Data segment |
========================================
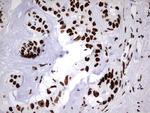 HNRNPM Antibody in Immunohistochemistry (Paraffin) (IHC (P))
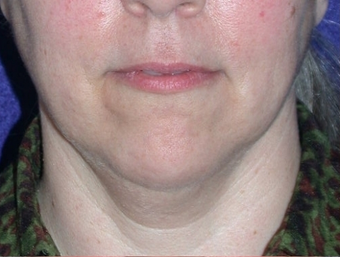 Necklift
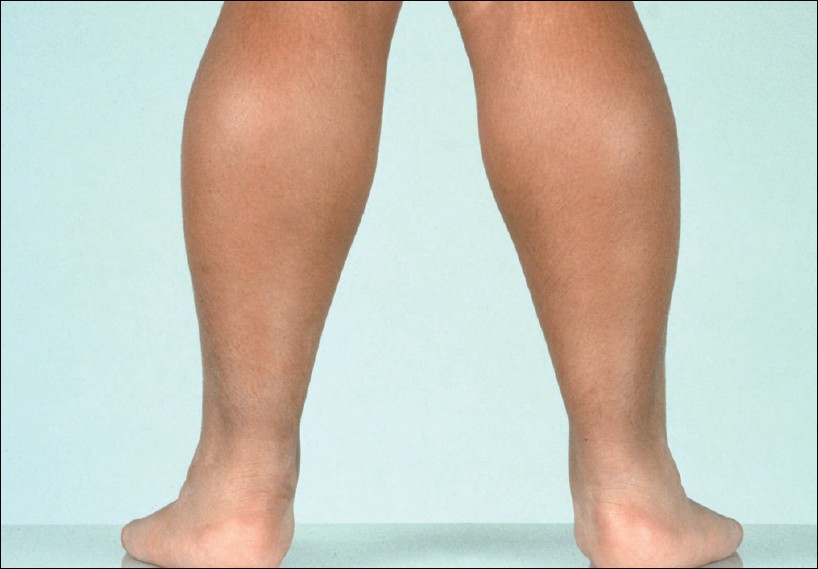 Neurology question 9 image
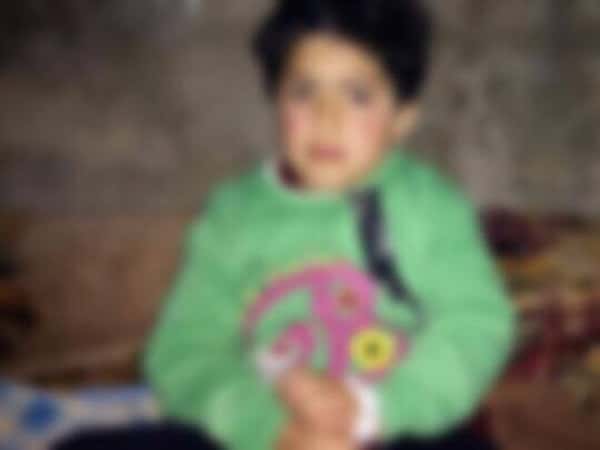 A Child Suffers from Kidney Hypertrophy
========================================
Your task |
No pictures belong in the copy. Return exactly the lines from the line containing "Neurology question 9 image" through the last line of the listing.

Output of the exercise |
 Neurology question 9 image
 A Child Suffers from Kidney Hypertrophy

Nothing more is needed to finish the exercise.